MATERIAL SUPPLIED START

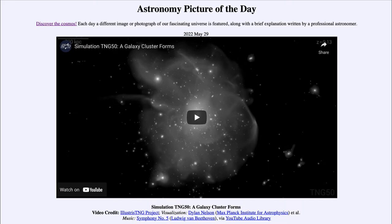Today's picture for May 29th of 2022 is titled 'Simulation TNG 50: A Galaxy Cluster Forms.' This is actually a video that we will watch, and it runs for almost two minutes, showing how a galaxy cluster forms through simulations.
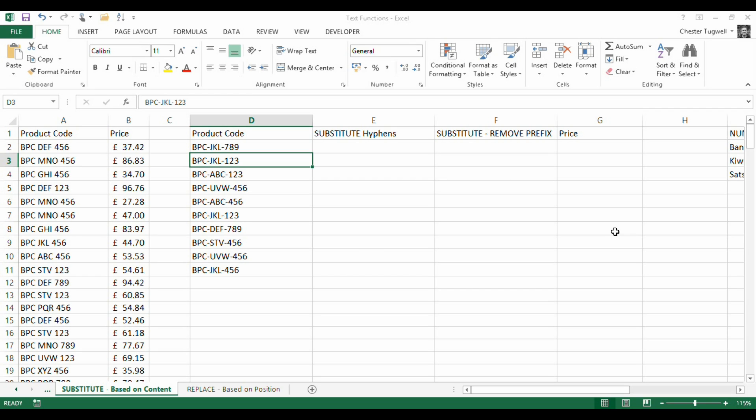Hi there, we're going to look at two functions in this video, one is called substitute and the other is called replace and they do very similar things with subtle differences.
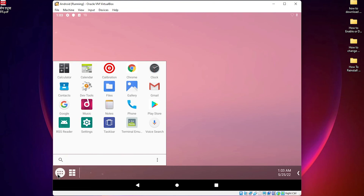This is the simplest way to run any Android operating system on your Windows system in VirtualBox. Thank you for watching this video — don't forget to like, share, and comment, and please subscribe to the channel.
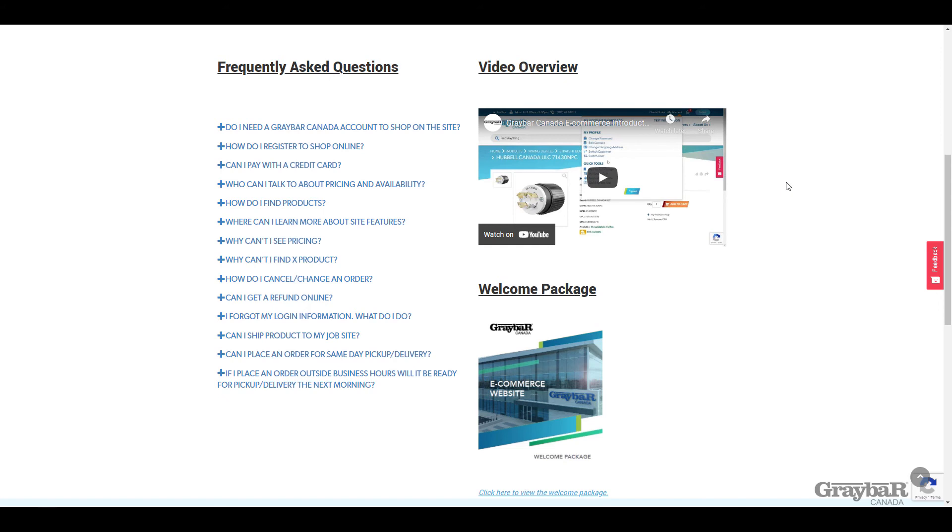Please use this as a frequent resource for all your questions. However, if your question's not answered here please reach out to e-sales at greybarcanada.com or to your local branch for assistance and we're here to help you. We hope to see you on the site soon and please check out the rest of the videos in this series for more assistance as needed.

MATERIAL SUPPLIED END
MATERIAL SUPPLIED START

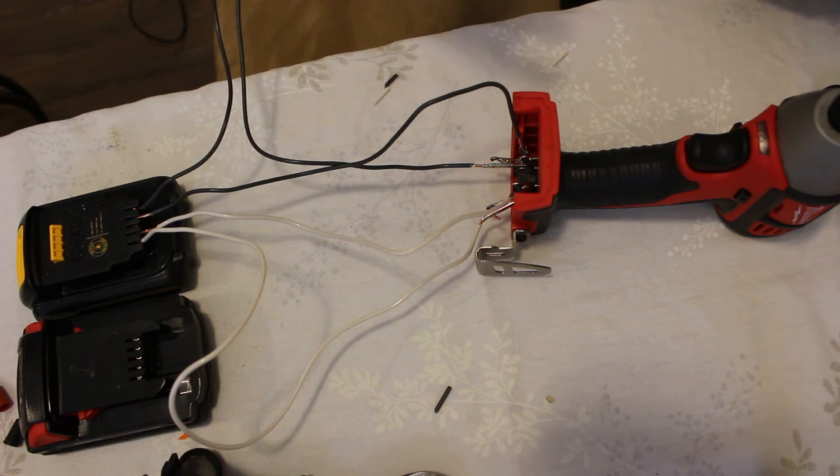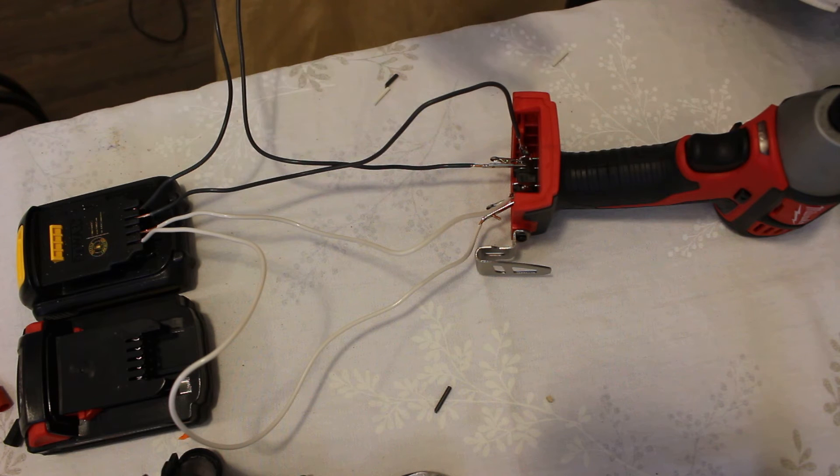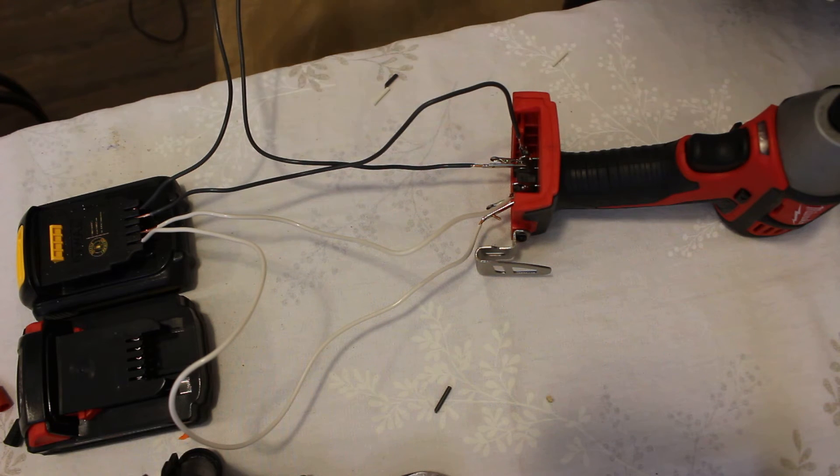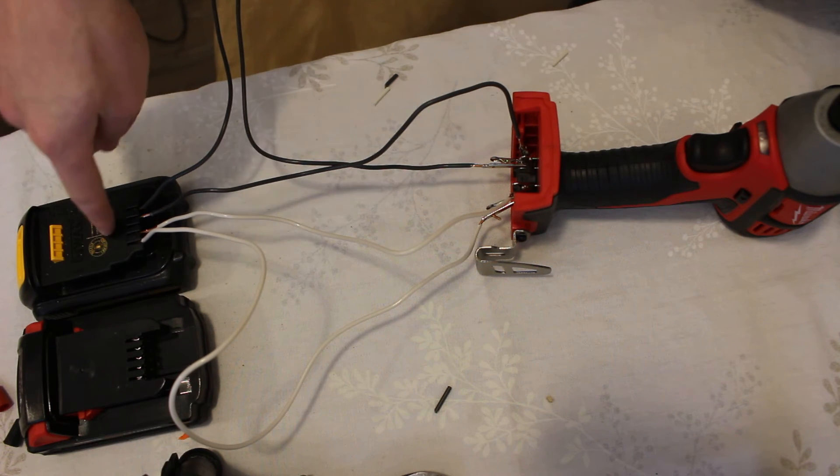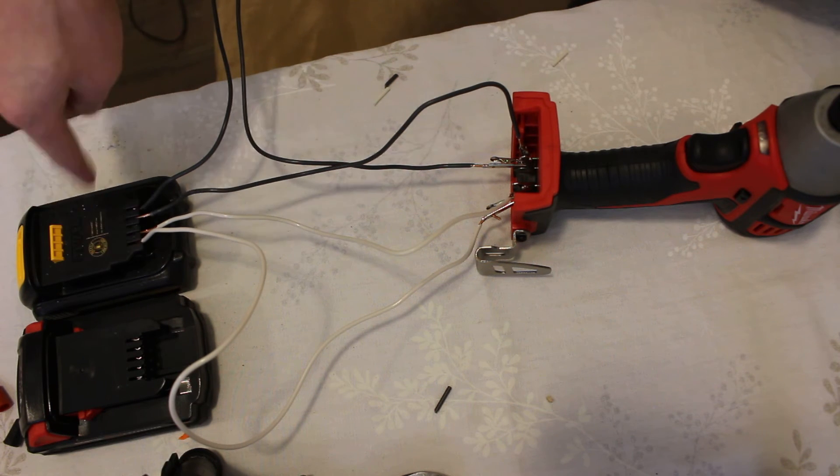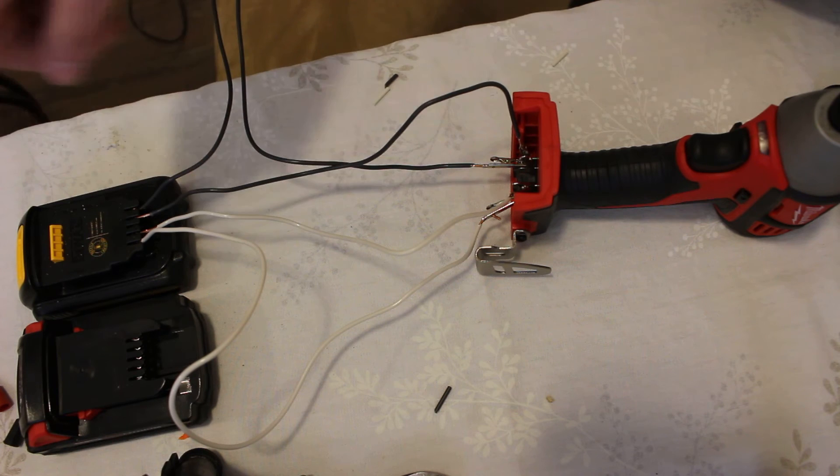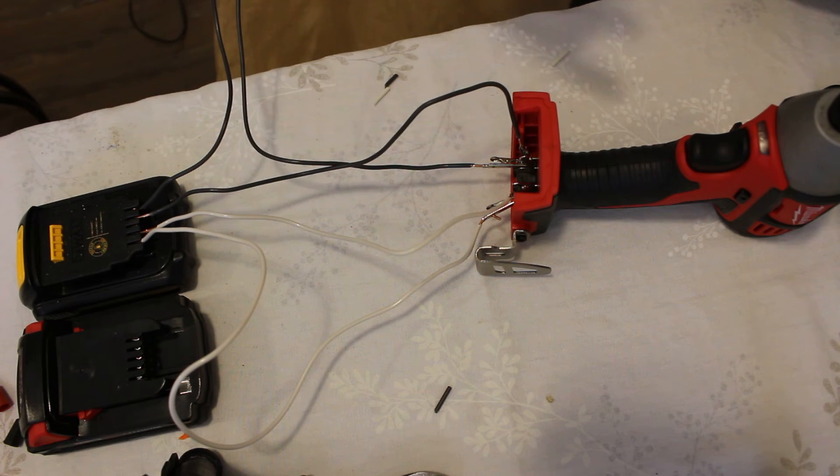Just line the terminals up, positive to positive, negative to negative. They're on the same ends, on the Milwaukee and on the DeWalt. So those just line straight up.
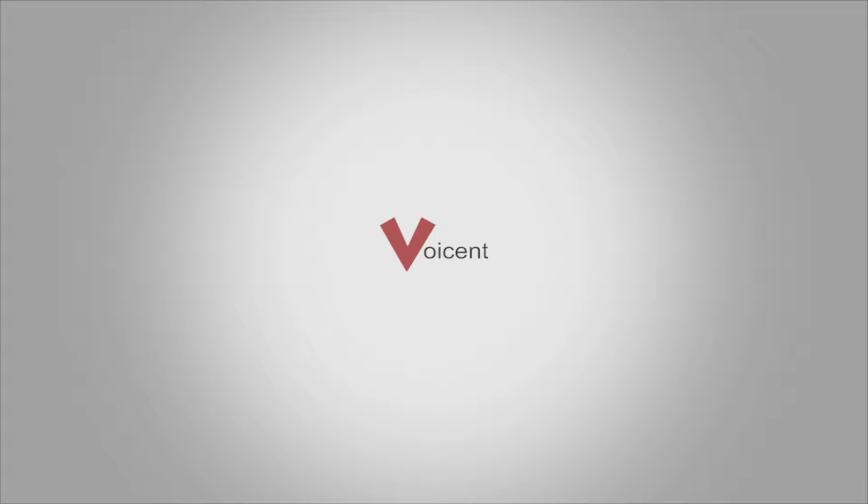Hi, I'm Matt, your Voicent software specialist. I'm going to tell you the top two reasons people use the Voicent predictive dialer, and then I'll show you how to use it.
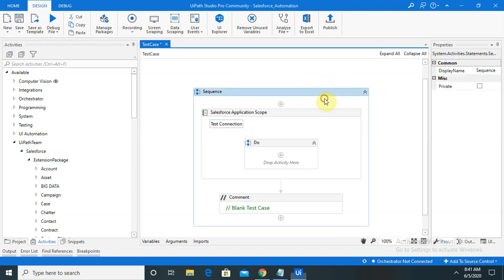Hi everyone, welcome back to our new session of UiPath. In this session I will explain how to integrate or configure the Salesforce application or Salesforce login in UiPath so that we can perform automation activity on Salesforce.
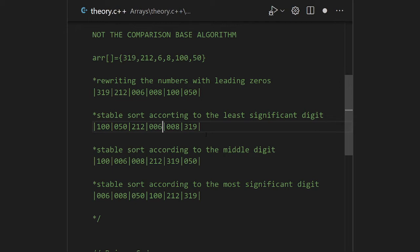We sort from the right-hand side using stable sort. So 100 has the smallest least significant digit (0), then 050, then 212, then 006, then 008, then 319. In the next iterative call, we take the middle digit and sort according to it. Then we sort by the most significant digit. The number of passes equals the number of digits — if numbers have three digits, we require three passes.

MATERIAL SUPPLIED END

From the listing above, restate verbatim the lines running from the one with "Hi there, we're" through the one with "Please use this", inclusive, but not the pictures.

Hi there, we're going to look at two functions in this video, one is called substitute and the other is called replace and they do very similar things with subtle differences.
This is the simplest way to run any Android operating system on your Windows system in VirtualBox. Thank you for watching this video — don't forget to like, share, and comment, and please subscribe to the channel.
Please use this as a frequent resource for all your questions. However, if your question's not answered here please reach out to e-sales at greybarcanada.com or to your local branch for assistance and we're here to help you. We hope to see you on the site soon and please check out the rest of the videos in this series for more assistance as needed.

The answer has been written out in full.